Yes, we all use RGB here.

tivo.co.uk is down at the moment, so here's a google cache of it:UK Tivo specs


tivo.co.uk said:


> Inputs: Cable-Ready Tuner, RGB and Composite Video
> Outputs: RF, RGB and composite video


[edit] I forgot uk.tivo.com is now a mirror of tivo.co.uk:
http://uk.tivo.com/1.1.asp


----------



## martink0646 (Feb 8, 2005)

ciper said:


> You can't be serious that you prefer PAL over NTSC... If so I can tell you aren't a gamer.


To be honest, I don't view much NTSC material, but the resolution specs speak for themselves.

PAL= 625 lines
NTSC= 525 (486 visible)

As far as color is concerned, the NTSC tint control in practice means that the picture is different on practically every set you will see. Not a problem to me personally as my screen is set up properly with test cards etc.

So in practice, with a minimal amount of NTSC viewing I honestly have no preference either way, but will lean to PAL for the higher resolution & lack of NTSC material.
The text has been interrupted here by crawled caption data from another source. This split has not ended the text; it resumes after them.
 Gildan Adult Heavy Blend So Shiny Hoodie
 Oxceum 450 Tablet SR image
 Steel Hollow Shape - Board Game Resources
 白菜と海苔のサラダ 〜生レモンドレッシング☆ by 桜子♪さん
I was also never one of those people that could see the 50hz flicker. I accept that they exist, just I was not one of them.

Martin


----------



## Nebulous (Nov 28, 2005)

ciper said:


> You can't be serious that you prefer PAL over NTSC... If so I can tell you aren't a gamer.


Well we may not get as many Hertz as you (59.94 > 50) , but we get more lines (576 > 480) 
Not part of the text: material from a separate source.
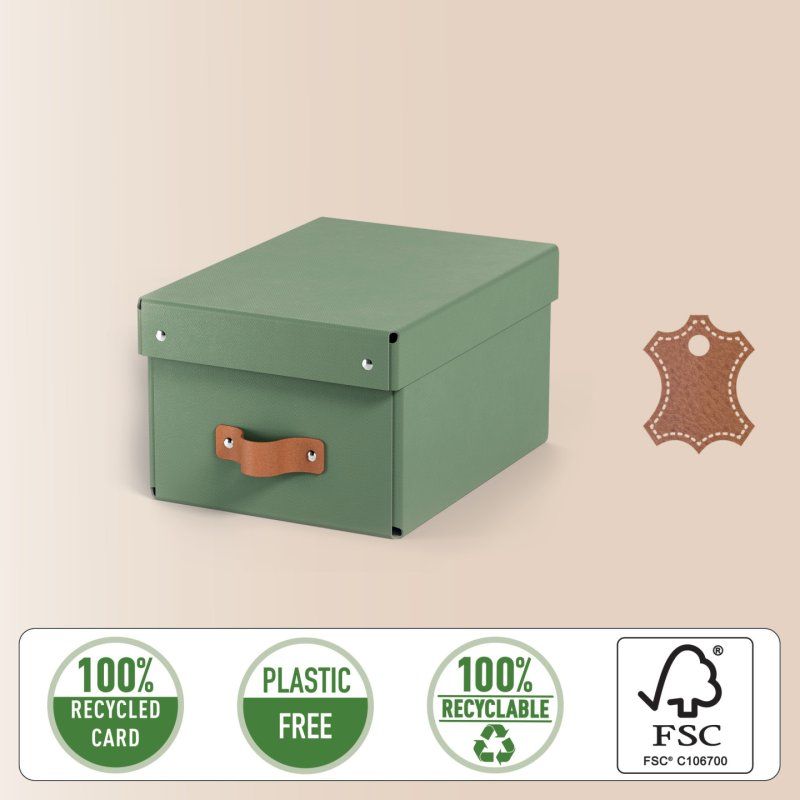 Leitz 61470050 Boîte de rangement Carton Vert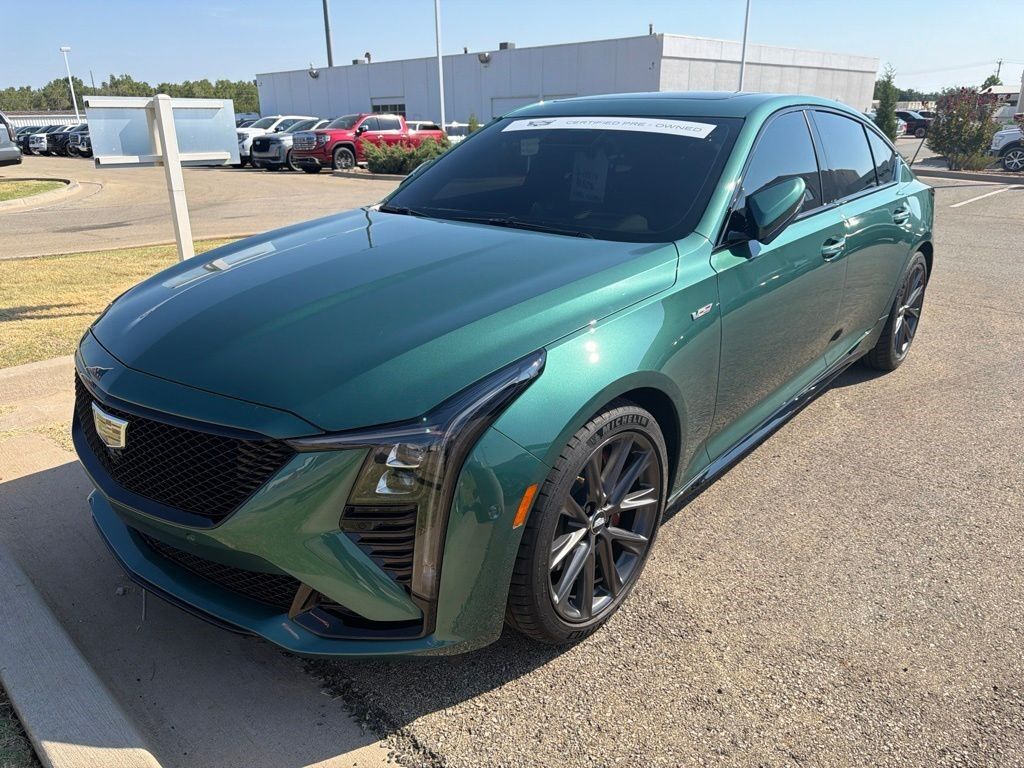 2026 Cadillac CT5-V — photo 1 of 7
The original UK tivo site at www.tivo.co.uk does seem to have disappeared, but www.uk.tivo.com is still hanging in there. :up:

RGB proof can be found here:  
http://www.uk.tivo.com/1.1.asp

[Edit:] Sorry Guys, two posts appeared while I typed this.


----------



## TCM2007 (Dec 25, 2006)

ciper said:


> Can anyone confirm the Tivo can output RGB? It seems to me that the inclusion of SVideo on US units sort prevents RGB use without adding cost to the unit.
> 
> You can't be serious that you prefer PAL over NTSC... If so I can tell you aren't a gamer.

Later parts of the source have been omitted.